Toward self-driving laboratory 2.0 for chemistry and materials discovery

Abstract

The convergence of laboratory automation, artificial intelligence (AI), and data-driven science has catalyzed the emergence of self-driving laboratories (SDLs), autonomous platforms capable of designing, executing, and analyzing experiments with minimal human input. While early SDLs (SDL 1.0) demonstrated the feasibility of closed-loop discovery, their impact has been constrained by limited scope, poor interoperability, and reliance on human-curated heuristics. This review outlines the vision of SDL 2.0: a new generation of flexible, scalable, and collaborative discovery engines for chemistry and materials science. We discuss recent advances in modular hardware design, AI-driven decision-making including Bayesian optimization, computer vision, and large language models, and orchestration software that integrate scheduling, data management, and safety protocols. Building on these foundations, we propose six defining characteristics for SDL 2.0: interoperable, collaborative, generalizable, orchestrated, safe, and creative.

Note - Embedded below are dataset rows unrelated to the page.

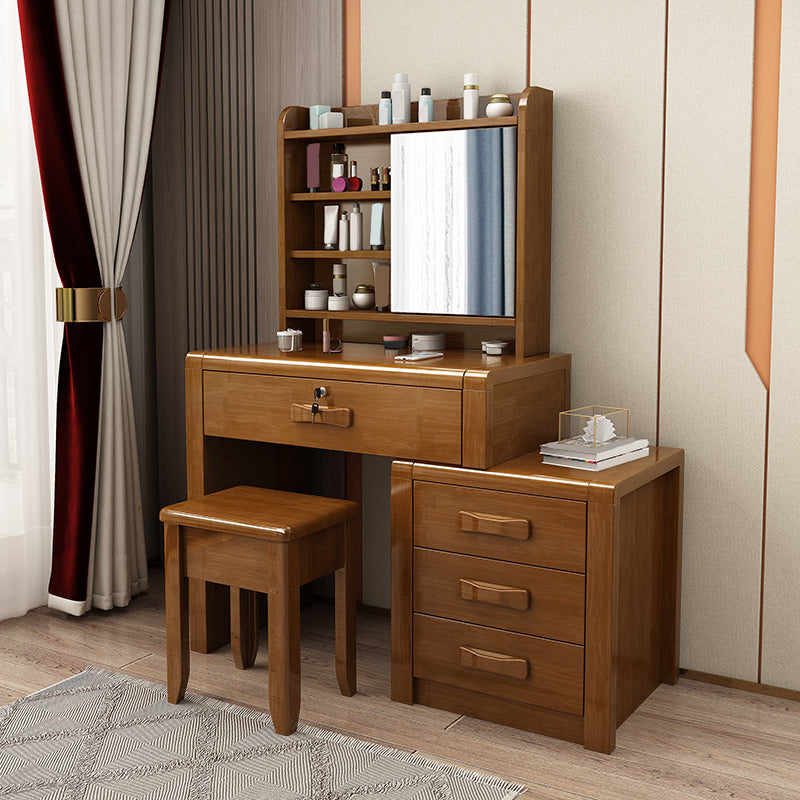 Solid Wood Makeup Vanity Desk Table Scandinavian 4 Drawer Dressing Table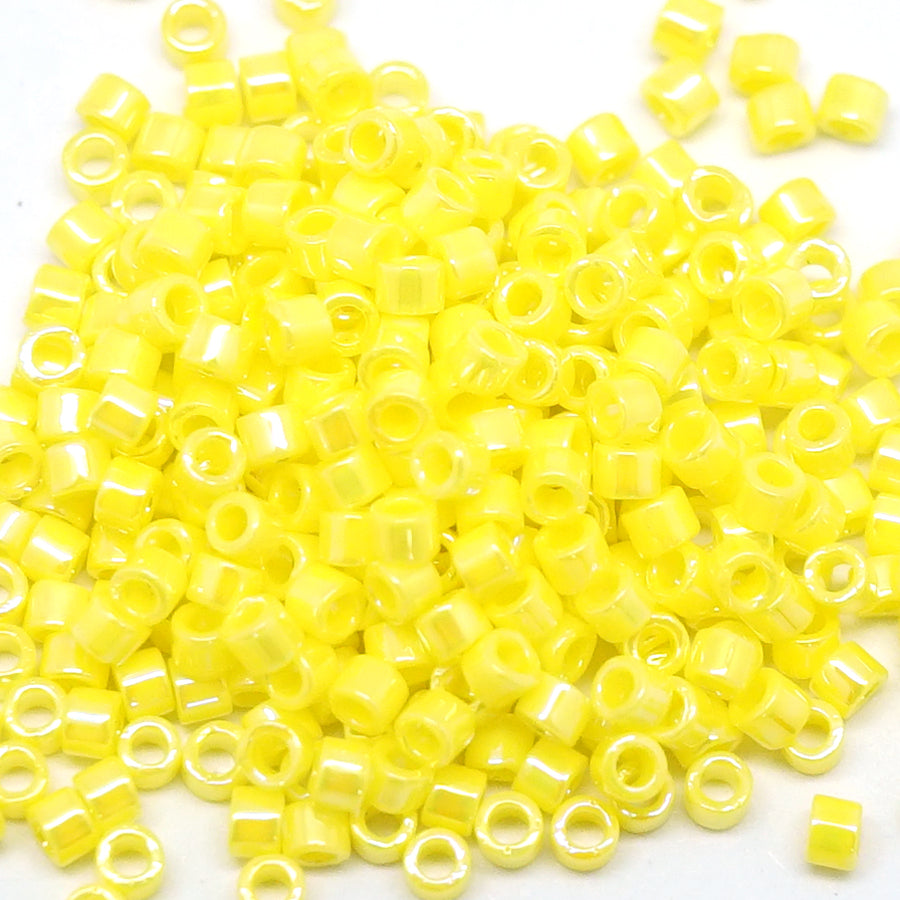 DB160 11/0 Opaque Yellow AB Miyuki Delica Seed Beads Tube - Goody Beads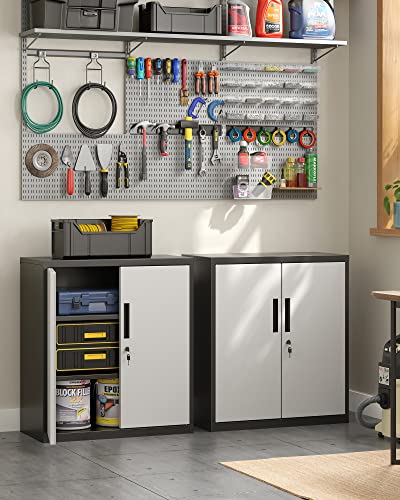 Grey Metal Storage Cabinet with Doors and Shelves J511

Together, these features establish SDLs as globally networked platforms, enabling reproducible experimentation, accelerated innovation, and democratized access to advanced research infrastructure. By embedding modularity, AI reasoning, and community-driven standards into their core, SDLs 2.0 promise to transform not only how experiments are conducted, but also who can participate in and benefit from the accelerating pace of scientific discovery.